VMware Cloud Community
cykVM
Expert
Expert

HP Proliant DL380e Gen8, HP OEM VMWare ESXi 5.5 Update 2 keeps crashing (PSOD)

Hello everyone,

I maintain a single VMWare host running vSphere 5.5 (ESXi) Update 2 OEM HP version at the moment for a mid-size charity.

The hardware in use:

HP Proliant DL380e Gen8 (bought brand new in August 2014), HP SmartArray B320i storage controller, HP H222 host bus adapter (only a HP Ultrium4 tape drive connected to that), HP Intel 4port NIC 366i, 32GB RAM, 2 Quadcore Intel Xeon E5-2407

The box was initially installed and configured in August using HP OEM vSphere 5.5 Update 1 installation CD. vSphere is installed on the RAID array configured on the B320i controller. A VMWare Essentials license is also in use/installed.

It's running 3 Windows 2008 R2 VMs (DC, Exchange 2010 and a backup server with Backup Exec 2010 R3 [I know this is not a recommended/supported configuration, but it worked with 5.5 U1 without issues]) besides 2 Debian Linux VMs.

2 weeks ago during weekend maintenance I first installed the latest HP SPP (Service Pack for Proliant) Sept. 2014 which provided several firmware updates for e.g. the B320i, the 366i NIC etc.

After that I performed an upgrade instalölation of vSphere HP OEM 5.5 Update 2 version, which was also released by HP beginning of Sept..

All those setup/update procedures went through without any issues, error messages or crashes.

The host was running fine for 3 days and suddenly crashed with a PSOD stating: PCPU 0: no heartbeat (2/2 IPIs received) [unfortunately I did not take a screenshot]

I reset/rebooted the host through iLo4 console and kept an eye on the server the next days.

The first PSOD took place during daily (nightly) backup on the connected tape drive.

On the following Friday/Saturday night (about 2 days later) it crashed again with the following PSOD - again with PCPU 0: no heartbeat (2/2 IPIs received):

PSOD1.PNG

So I started investigating this, found some hints here in the VMWare communities leading to recommended BIOS settings of HP Proliant servers and checked the actual settings and changed the values to the recommended ones.
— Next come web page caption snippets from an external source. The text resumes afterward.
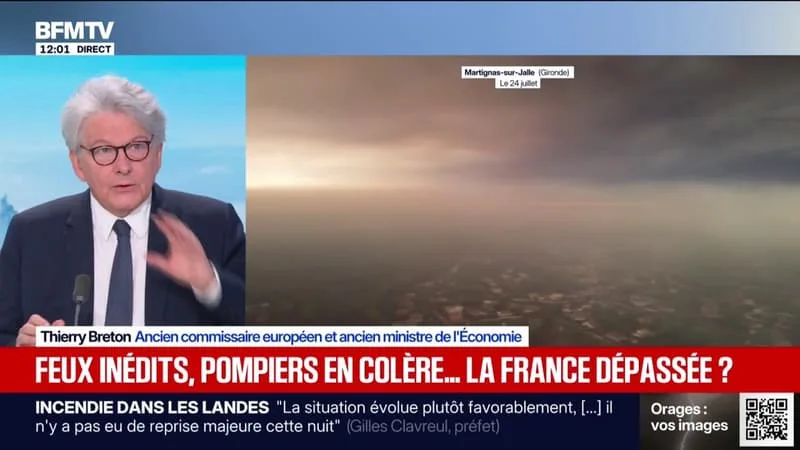 INCENDIES: « LA FRANCE EST DEVENUE UN PAYS D’EUROPE DU SUD », AFFIRME THIERRY BRETON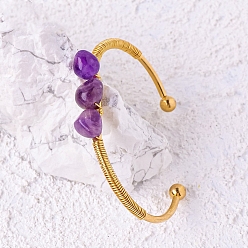 Аметист Браслет-манжета из натурального аметистового самородка, открытый браслет из золотой проволоки, 2-1/2 дюйм (6.5 см)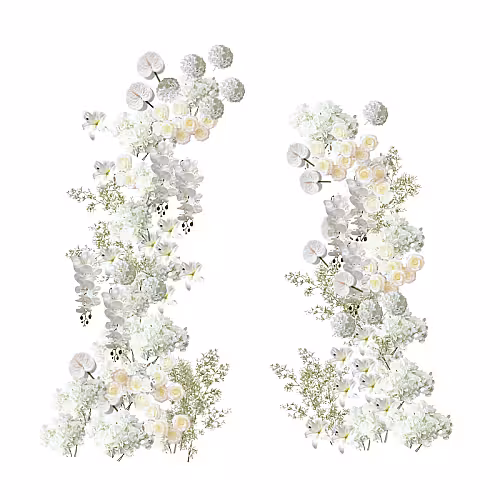 Timeless White Artificial Flower Arch Altar Set R-AL003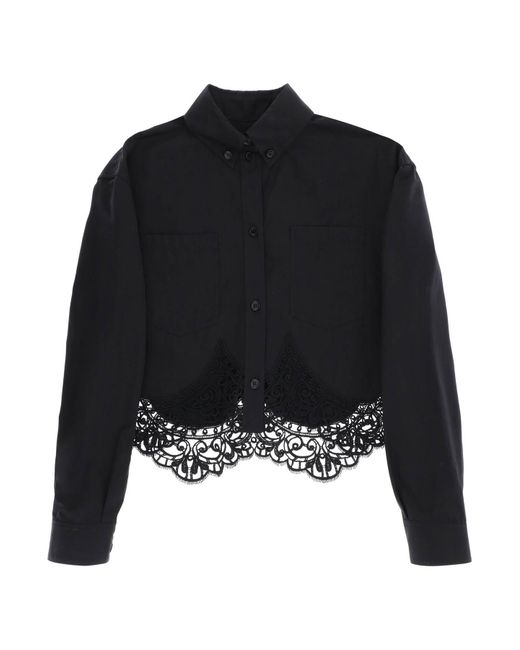 Burberry Cropped Shirt With Macrame Lace Insert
The server was running fine without gliutches for about 16 hours then crashed again with this PSOD:

PSOD2.PNG

I continued investigation, and especially took an eye on power management setting in BIOS, vSphere and in the Windows VMs.

Also checked installed firnware versions of the storage controllers and NIC and driver versions in use. All OK there (as recommended in HP VMWare recipe Sept. 2014).

Server was running fine for about a week after the reboot then another PSOD early this morning at about 3 a.m.:

PSOD3.PNG

The server/VMs were mostly idle at this time, no heavy I/O activity.

The first two PSODs happened during backup but not at a certain time (one at about 10 p.m. the other early in the morning between 2 and 3 a.m.).

I read through tons of hints to faulty NIC drivers/firmware, BIOS confgurations etc. but nothing helps or even everything is configured exactly as in HP recommondations for vSphere 5.x.

For the BIOS settings I followed this list/table:Recommended BIOS Settings on HP ProLiant DL580 G7 for VMware vSphere | Boerlowie's Blog

vSphere is configured to "High Performance Mode" and the Windows VMs, too.

I'm somehow stuck now, so maybe someone here has a good hint for me?

If you need any further hardware/software/configuration/whatever details, just ask.

Cheers and thanks in advance for any help,

cykVM

122 Replies
cykVM
Expert
Expert

P.S. For the SmartArray B320i the latest hpvsa driver is in use. I somehow start thinking of going back to 5.5 U1 but generally would like to avoid this.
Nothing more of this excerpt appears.